Je suis allé jusqu’au catafalque avec le roi George, j’y ai déposé une croix et j’ai récité une prière en silence, après quoi ma main droite et celle de mon royal cousin se rencontrèrent, sans y penser, et nous nous serrâmes fermement la main. Cela impressionna beaucoup ceux qui en furent témoins, à tel point que, dans l’après-midi, l’un de mes proches me dit : « Votre poignée de main avec le roi a fait le tour de Londres : la population en a été profondément touchée, et la considère comme de bon augure pour l’avenir. »
« C’est mon vœu le plus cher, » répondis-je.
Dans mon parcours à cheval dans Londres derrière le cercueil de mon oncle, je fus témoin du chagrin profond et impressionnant de la foules énorme – estimée à plusieurs millions de personnes – dans les rues, aux balcons et sur les toits, toute vêtue de noir, tous les hommes debout la tête découverte, dans un ordre parfait et dans un calme absolu 3. Sur ce fond sombre, les solennelles rangées de soldats britanniques se détachaient avec éclat. Les bataillons des Guards marchaient en un splendide tableau : les Grenadiers, les Scots Guards, les Coldstreams, les Irish Guards – dans leurs veste parfaitement ajustée, leurs buffleteries blanches et leurs lourds bonnets en fourrure d’ours ; troupe choisie à l’aspect superbe et d’une admirable tenue martiale, faisant la joie de tout homme qui a un cœur de soldat.

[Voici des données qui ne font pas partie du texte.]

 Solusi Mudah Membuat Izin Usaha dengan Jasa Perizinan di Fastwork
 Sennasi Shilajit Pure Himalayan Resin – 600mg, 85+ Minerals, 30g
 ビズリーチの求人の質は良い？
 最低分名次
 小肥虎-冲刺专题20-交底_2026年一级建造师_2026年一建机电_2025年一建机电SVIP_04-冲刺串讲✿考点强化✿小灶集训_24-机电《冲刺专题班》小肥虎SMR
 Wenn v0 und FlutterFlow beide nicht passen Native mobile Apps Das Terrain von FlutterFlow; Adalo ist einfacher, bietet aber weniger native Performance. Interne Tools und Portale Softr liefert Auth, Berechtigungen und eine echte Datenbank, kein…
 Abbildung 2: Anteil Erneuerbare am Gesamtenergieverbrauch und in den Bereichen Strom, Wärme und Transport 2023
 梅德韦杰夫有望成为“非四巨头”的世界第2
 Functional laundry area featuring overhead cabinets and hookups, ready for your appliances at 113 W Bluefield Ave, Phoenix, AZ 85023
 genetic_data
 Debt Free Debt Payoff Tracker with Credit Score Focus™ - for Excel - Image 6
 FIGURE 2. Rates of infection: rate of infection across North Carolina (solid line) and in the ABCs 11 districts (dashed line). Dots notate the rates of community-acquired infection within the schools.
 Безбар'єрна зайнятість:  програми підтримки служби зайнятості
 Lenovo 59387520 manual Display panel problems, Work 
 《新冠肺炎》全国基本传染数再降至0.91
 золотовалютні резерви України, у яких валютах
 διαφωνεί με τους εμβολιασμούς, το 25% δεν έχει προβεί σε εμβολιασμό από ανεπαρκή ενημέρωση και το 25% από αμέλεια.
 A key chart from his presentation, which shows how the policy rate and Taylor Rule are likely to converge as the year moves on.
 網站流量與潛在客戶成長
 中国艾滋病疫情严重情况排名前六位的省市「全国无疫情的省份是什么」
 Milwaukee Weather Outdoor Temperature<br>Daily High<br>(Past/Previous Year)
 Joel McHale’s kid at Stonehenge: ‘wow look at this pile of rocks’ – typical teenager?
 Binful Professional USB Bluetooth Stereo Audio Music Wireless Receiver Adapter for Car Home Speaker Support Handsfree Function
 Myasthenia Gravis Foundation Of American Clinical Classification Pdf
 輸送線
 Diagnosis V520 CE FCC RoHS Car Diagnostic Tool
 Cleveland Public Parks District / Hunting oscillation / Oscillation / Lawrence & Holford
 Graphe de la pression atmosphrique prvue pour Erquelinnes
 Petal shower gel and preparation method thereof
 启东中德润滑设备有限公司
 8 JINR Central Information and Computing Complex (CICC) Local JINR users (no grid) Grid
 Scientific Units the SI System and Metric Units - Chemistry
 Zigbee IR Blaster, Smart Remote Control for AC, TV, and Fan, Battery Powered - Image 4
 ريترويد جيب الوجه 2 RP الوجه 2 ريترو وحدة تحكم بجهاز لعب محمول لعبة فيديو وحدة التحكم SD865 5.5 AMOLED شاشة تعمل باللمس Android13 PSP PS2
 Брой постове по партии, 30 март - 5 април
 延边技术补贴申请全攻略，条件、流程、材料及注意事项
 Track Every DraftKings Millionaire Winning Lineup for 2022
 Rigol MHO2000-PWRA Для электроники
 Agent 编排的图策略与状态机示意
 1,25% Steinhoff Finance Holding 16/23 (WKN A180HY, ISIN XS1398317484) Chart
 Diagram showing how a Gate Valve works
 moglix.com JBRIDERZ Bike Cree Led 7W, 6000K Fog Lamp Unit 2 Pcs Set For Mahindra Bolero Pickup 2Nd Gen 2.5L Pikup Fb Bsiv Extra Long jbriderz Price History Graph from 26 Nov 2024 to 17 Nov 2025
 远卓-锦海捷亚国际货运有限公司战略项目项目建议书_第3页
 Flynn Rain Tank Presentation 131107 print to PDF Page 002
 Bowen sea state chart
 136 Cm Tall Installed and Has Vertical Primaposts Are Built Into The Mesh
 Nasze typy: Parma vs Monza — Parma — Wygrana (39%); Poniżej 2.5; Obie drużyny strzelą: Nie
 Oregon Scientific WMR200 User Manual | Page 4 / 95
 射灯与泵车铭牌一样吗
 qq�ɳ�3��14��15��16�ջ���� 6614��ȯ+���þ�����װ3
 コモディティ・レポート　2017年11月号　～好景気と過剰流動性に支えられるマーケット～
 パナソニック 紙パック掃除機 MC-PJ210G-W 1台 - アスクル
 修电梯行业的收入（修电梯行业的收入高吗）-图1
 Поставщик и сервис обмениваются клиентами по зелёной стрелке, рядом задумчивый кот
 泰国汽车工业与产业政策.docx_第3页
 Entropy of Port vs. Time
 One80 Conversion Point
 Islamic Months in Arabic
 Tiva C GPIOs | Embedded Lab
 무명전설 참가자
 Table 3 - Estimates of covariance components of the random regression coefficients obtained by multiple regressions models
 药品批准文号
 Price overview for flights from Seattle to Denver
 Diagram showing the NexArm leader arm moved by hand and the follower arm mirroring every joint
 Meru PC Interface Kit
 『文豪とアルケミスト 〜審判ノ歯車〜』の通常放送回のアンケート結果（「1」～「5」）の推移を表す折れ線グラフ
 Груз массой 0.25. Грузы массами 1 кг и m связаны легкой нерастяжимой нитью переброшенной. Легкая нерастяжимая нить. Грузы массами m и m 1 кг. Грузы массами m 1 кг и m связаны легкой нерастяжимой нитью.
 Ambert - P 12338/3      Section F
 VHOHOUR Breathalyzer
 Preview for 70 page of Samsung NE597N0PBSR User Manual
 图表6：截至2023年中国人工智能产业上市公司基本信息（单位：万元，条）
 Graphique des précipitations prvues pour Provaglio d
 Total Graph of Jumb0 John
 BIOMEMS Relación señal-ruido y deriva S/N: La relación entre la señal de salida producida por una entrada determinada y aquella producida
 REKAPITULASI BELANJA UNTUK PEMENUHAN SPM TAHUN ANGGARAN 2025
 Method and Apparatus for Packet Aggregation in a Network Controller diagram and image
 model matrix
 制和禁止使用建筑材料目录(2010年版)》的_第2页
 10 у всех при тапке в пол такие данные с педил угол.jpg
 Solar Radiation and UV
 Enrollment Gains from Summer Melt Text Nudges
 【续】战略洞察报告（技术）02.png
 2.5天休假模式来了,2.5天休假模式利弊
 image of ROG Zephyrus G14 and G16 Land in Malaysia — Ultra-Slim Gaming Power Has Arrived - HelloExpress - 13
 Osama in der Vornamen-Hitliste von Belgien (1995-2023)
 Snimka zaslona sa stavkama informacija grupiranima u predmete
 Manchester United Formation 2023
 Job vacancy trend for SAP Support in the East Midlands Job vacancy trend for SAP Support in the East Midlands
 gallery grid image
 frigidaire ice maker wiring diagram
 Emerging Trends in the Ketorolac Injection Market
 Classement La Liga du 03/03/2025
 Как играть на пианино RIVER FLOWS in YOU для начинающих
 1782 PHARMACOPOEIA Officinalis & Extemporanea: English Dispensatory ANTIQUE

Et toutes les troupes qui bordaient le trajet du cortège funèbre se tenaient dans la position de deuil décrite plus haut .
3 Ce qui est confirmé par le récit de la cérémonie du 20 mai rapporté par le journal Le matin du lendemain : « Combien y avait-il là de spectateurs ? Sûrement un million. Peut-être deux ou trois. On ne comptait plus que par centaines de mille. Il y avait tout le cœur et toute l’âme de la nation britannique. Des êtres humains étaient accourus de là-haut, du fond de l’Ecosse, et d’autres de là-bas ; des îles lointaines. Pas un homme, si pauvre fût-il, qui n’eût un crêpe ; pas une femme qui ne fût en noir. Pas une maison sur le trajet du cortège qui ne fût drapée de violet. Et dans cette foule, dans ces maisons, sur ces estrades, pas un cri, pas un rire, nul désordre. »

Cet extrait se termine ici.